Na sequência, o artigo Pedidos de Extradição Formulados pela Polônia Contra Criminosos Nazistas Residentes no Brasil, de autoria de Felipe Cittolin Abal, traça um histórico dos processos de extradição de Franz Stangl e Gustav Wagner, criminosos nazistas que após praticarem suas atrocidades em Sobibor e Treblinka passaram a viver impunemente no Brasil. Os pedidos formulados pela Polônia foram julgados pelo Supremo Tribunal Federal em 1967 e 1979, sendo ambos indeferidos por prescrição. Em sua abordagem histórico-jurídica o pesquisador constrói uma análise crítica e fundamentada a respeito do andamento e desdobramentos dos processos.

Em Polonidade no Brasil: papel dos atores sociais e das instituições na manutenção e / ou extinção do patrimônio cultural, Schirlei Mari Freder coloca em evidência a importância social dos ativistas culturais étnicos no exercício da polonidade e, sobretudo, o seu papel na manutenção ou extinção de instituições polonesas e polonobrasileiras ao longo das últimas décadas no Brasil. Baseada em pesquisas bibliográficas e observações de campo, a pesquisadora investiga as motivações subjetivas dos atores sociais – e suas transformações – que impelem a sua atuação nas ações de perpetuação e esquecimento de símbolos e códigos culturais inerentes ao patrimônio cultural material e imaterial do grupo étnico polonês.

Ocasionalmente, temos um bloco temático composto por três textos que orbitam em torno do assunto da educação nas colônias polonesas e suas interfaces com os processos culturais de construção identitária. Na emergência das dinâmicas de construção das identidades nacionais na primeira metade do século XX, o artigo Iniciativas Escolares Polonesas – Polskie szkoły no Brasil e a atuação do consulado no pós-reunificação polonesa: discursos e negociações culturais e identitárias, da pesquisadora Fabiana Regina da Silva, explora de forma magistral as conexões culturais, políticas e religiosas que permearam as iniciativas educacionais nas comunidades étnicas da diáspora polonesa no Brasil, destacando, sobretudo, o papel dos agentes consulares no delineamento e construção dos discursos e ações para a construção do espírito nacional enquanto comunidade imaginada.

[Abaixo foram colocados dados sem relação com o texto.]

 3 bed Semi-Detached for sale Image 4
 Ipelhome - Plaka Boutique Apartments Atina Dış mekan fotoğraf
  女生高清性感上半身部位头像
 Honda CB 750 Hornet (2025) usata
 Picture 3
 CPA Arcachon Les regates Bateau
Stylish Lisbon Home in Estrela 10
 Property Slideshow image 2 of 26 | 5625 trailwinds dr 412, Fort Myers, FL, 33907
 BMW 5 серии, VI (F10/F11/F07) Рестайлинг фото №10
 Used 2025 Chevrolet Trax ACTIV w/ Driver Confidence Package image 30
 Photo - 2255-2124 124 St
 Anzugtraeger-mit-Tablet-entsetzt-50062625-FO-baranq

Dando sequência ao tema da identidade étnica, Adriano Malikoski aborda a manutenção da nacionalidade polonesa através da promoção cultural nos núcleos étnicos. Em seu texto intitulado A União Central dos Poloneses do Brasil e a imposição cultural nacional (1930 – 1938), o pesquisador desvela o papel da União Central dos Poloneses do Brasil nesse processo, bem como o impacto das políticas de nacionalização implantadas pelo Estado Novo no Brasil, cujos efeitos possuem reflexos na atualidade, em especial a perda do conhecimento do idioma polonês pela maioria dos descendentes de imigrantes. Para o desenvolvimento de sua pesquisa, Malikoski analisou artigos de periódicos étnicos e documentações consulares do Ministério dos Negócios Estrangeiros da Polônia (Ministerstwo Spraw Zagranicznych).

A temática que perpassa as políticas de nacionalização e as escolas étnicas polonesas é abordada através de um recorte regional pelas pesquisadoras Isabel Rosa Gritti e Silvana Maria Gritti. O artigo intitulado A educação polonesa na Colônia Erechim: a escola como instrumento de organização e resistência acentua o papel do imigrante polonês como um sujeito social que busca a construção do seu espaço de existência em um contexto de confrontos e adversidades decorrentes das políticas de nacionalização do ensino brasileiro. Frente a essa conjuntura, a escola passou a irradiar processos de resistência, conflitos e tensionamentos.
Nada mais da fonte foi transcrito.